(Exercise) Search the data for the word "healing" and copy each line that has it.

(Records to use)

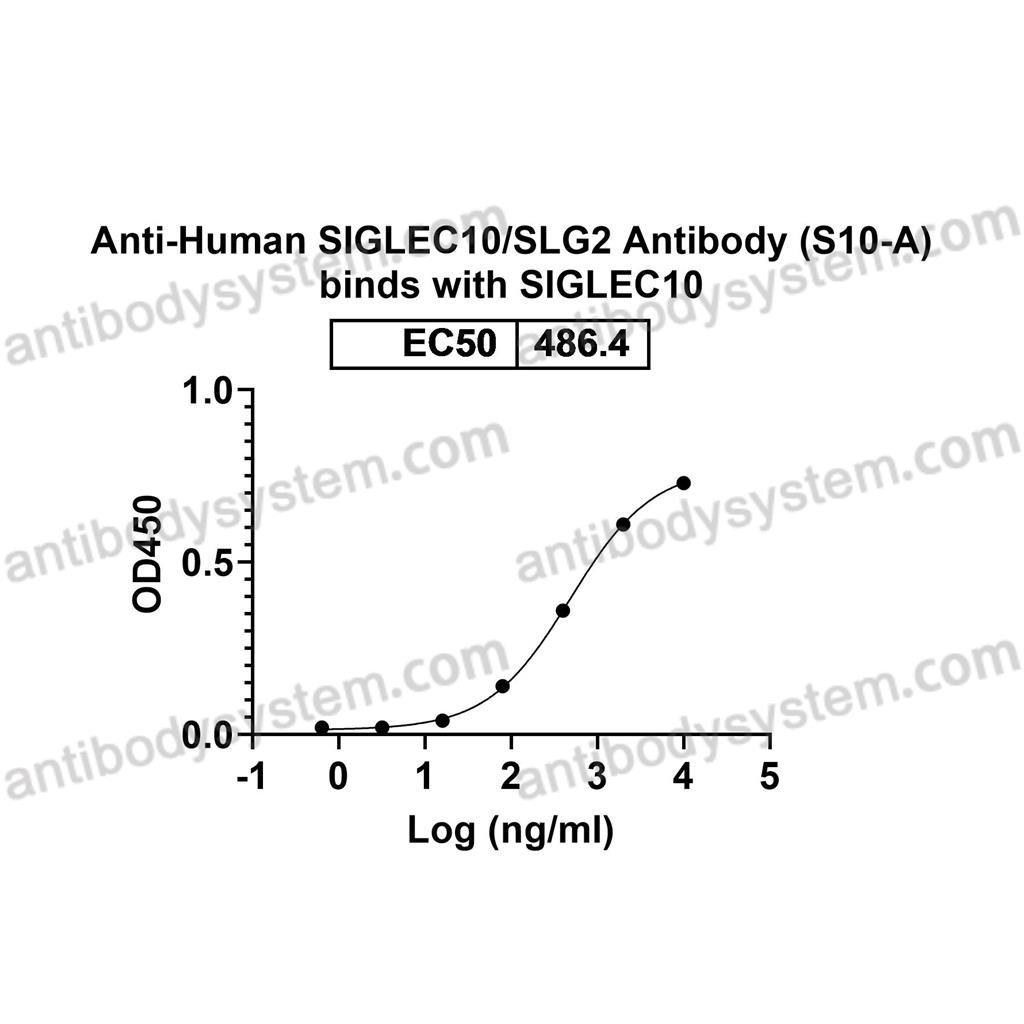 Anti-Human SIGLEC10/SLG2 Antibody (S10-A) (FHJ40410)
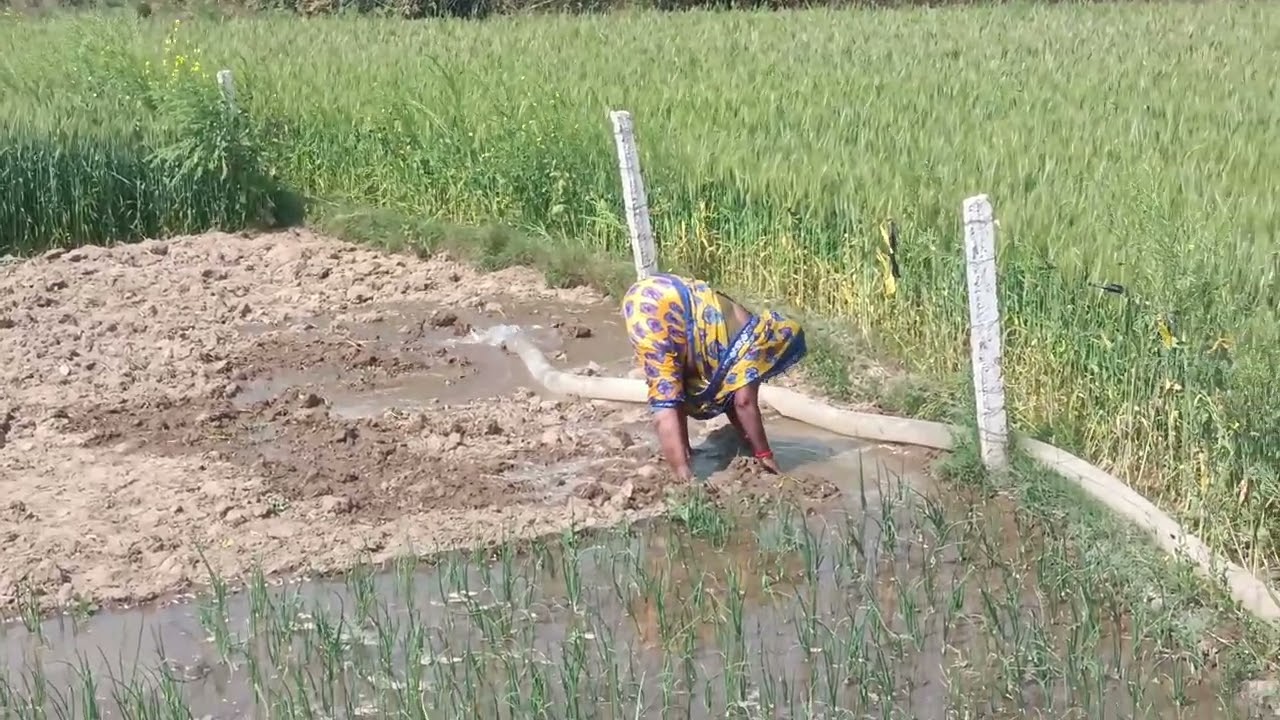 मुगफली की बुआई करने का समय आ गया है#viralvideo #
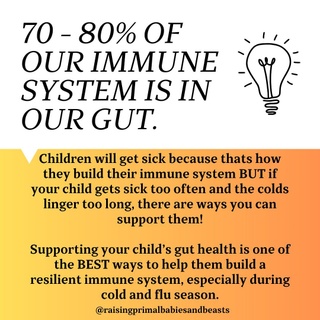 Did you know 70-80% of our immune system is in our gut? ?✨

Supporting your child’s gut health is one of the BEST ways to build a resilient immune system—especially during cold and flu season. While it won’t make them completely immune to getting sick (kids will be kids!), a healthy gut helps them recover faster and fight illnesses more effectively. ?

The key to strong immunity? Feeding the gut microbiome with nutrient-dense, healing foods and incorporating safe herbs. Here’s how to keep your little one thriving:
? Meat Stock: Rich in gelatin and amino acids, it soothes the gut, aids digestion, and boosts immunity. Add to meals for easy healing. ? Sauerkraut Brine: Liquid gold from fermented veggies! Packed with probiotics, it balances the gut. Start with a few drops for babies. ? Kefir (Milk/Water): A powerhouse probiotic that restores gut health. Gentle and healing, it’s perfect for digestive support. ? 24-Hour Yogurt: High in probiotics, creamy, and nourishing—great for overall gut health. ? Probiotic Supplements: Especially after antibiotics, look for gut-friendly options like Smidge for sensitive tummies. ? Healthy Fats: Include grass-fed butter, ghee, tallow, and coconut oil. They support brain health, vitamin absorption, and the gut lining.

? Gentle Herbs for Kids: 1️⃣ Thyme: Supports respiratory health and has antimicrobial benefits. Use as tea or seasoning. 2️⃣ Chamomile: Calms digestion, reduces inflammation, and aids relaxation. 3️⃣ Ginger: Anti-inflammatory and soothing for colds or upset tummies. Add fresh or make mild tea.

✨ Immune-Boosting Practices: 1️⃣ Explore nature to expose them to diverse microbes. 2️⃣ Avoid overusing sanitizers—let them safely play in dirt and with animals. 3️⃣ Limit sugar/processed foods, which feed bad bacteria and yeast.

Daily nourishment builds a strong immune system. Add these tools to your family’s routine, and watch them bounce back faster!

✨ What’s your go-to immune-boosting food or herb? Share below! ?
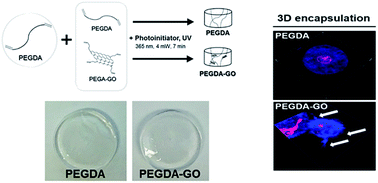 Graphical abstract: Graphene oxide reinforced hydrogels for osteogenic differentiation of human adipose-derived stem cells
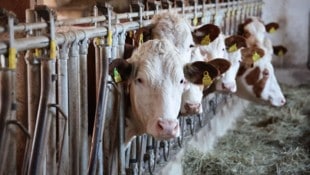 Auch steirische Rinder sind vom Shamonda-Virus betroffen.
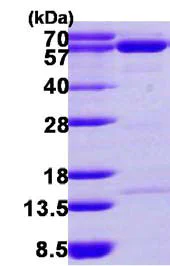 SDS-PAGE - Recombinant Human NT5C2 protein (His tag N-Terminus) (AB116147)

(End Records to use)
(Records to use)

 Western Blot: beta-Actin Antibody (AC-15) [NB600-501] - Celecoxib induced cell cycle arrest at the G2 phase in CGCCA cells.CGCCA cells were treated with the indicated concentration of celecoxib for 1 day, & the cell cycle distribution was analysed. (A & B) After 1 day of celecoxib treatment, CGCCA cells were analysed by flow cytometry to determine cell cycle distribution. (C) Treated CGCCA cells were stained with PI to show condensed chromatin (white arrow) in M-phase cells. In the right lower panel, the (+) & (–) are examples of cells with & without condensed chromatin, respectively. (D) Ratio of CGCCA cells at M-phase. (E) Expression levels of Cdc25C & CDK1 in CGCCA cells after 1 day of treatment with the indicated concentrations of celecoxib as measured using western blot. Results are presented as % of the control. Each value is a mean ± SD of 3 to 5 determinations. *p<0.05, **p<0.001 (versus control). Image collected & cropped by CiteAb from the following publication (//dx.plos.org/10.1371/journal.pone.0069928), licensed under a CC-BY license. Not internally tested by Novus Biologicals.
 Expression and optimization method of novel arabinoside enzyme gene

(End Records to use)

(Result)
The key to strong immunity? Feeding the gut microbiome with nutrient-dense, healing foods and incorporating safe herbs. Here’s how to keep your little one thriving:
? Meat Stock: Rich in gelatin and amino acids, it soothes the gut, aids digestion, and boosts immunity. Add to meals for easy healing. ? Sauerkraut Brine: Liquid gold from fermented veggies! Packed with probiotics, it balances the gut. Start with a few drops for babies. ? Kefir (Milk/Water): A powerhouse probiotic that restores gut health. Gentle and healing, it’s perfect for digestive support. ? 24-Hour Yogurt: High in probiotics, creamy, and nourishing—great for overall gut health. ? Probiotic Supplements: Especially after antibiotics, look for gut-friendly options like Smidge for sensitive tummies. ? Healthy Fats: Include grass-fed butter, ghee, tallow, and coconut oil. They support brain health, vitamin absorption, and the gut lining.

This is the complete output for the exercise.